Eventually we realised that, even when we reached the next downhill, we wouldn’t be able to ride. The prospect of pushing a further eleven miles was too much. And so we turned the beast around, mounted, and headed back for anywhere that would provide shelter from Katia. Before we knew it we hit 40mph on the downhill, Katia hot on our heels. On the flat, without pedalling, we cruised along at almost 30. It had been well over two hours since we had left Gorebridge, it took us just fifteen minutes to return. There after much searching we found the only pub in town, where they kindly fed and watered us while we dripped on there clean floor and awaited rescue by our womenfolk. And so, tonight, we will sleep in Edinburgh again.
One thought strkes me as I write this – it is great to see a rainbow, all the colours of the spectrum, all the beauty. But while you can see the end of the rainbow, you can never reach it. Let’s hope that’s not prophetic.

A waiting game of Katia and us

September 11th, 2011

Edinburgh-Manchester tandem ride: the prologue
Here we are, in Edinburgh at last. The campervan is unloaded and all our paraphernalia, including tandem and spare bike, has been carried up three flights of tenement steps to my niece Clare’s flat. Inside the kitchen is filled with the smell of roasting lamb and potatoes. Martin, Clare’s other half, clearly knows that we need to keep up our energy, and our spirits – a great welcome after a long, hard drive from Kent.

As we stare out of the kitchen window through the jungle of chilli and tomato plants we can just about make out Arthur’s Seat and the Palace of Holy Rood, half a mile away, the starting point of our ride. The rain has cleared, but it is still windy. Our drive here up the M6 has been through pouring rain and spray. This, apparently, is just the appetiser. Tomorrow, at about the time we are due set to head off  southward, hurricane Katia promises to arrrive in the region, threatrening strong winds and heavy rain. All we can do is wait and see what she does in the morning. Trust a woman to throw a spanner in our plans!
Well, you’ll just have to watch this space.

When getting ready is so hard to do

September 6th, 2011

Preparing for a ride is never simple. Too often I tell my other half that I’m going for a ride and, 45 minutes later, as she sees me setting off she exclaims: “Are you back already?” If you ride regularly, you know the ins and outs involved: planning routes, finding clothing that’s clean (well, not too smelly) and appropriate for the weather (four seasons), checking the bike, pumping tyres, oiling chains, filling bidons, finding bike computer, helmet and gloves that match.

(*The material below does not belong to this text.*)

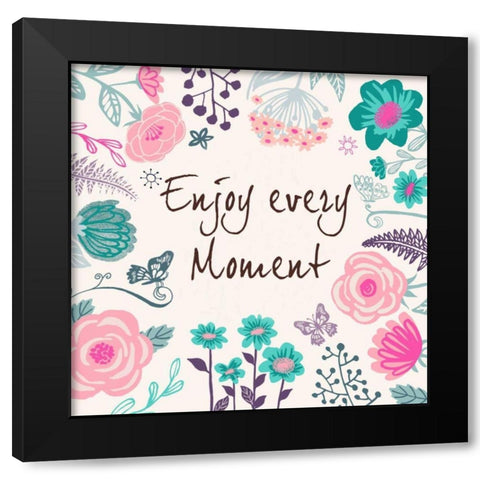 Enjoy Every Moment Black Modern Wood Framed Art Print with Double Matting by P.S. Art Studios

And that’s just for a two-hour Saturday ride. When planning a four-day ride, preparations increase exponentially.

So you can imagine, I’m sure, what it’s like helping to prepare for a ride with someone who lives 200 miles away and has never ridden before. My ride with Chich, my brother-in-law (see previous post) is one such. There are the obvious things to tell him: wear gloves, helmet, chamois shorts (not with boxers underneath). Use a Camelbak, or some kind of hydration system worn on the back – certainly easier for a blind person than water bottles. Also, what to drink, what to eat, and how often.

Funny little things crop up: usually on a tandem the taller person rides in front. It seems we are not the perfect match, and not because neither of us is called Daisy. Chich is taller than me, but because he is blind I am insisting that he rides at the back. Last week he went for a ride with a friend and found that his knees scraped the handlebars. He was reluctant to raise his saddle, and it wasn’t possible to raise the handlebars. After some thought I suggested that he rotate the handlebars forward slightly, and move his saddle back. That worked, fortunately.

I’m also trying to convince Chich that he should use SPDs (clip-in pedals) because I found that if you lose the pedals on a tandem it can be very difficult to get your feet back on them while your partner is pedalling. Of course, the sanest piece of advice is the one that I haven’t given him: don’t do it.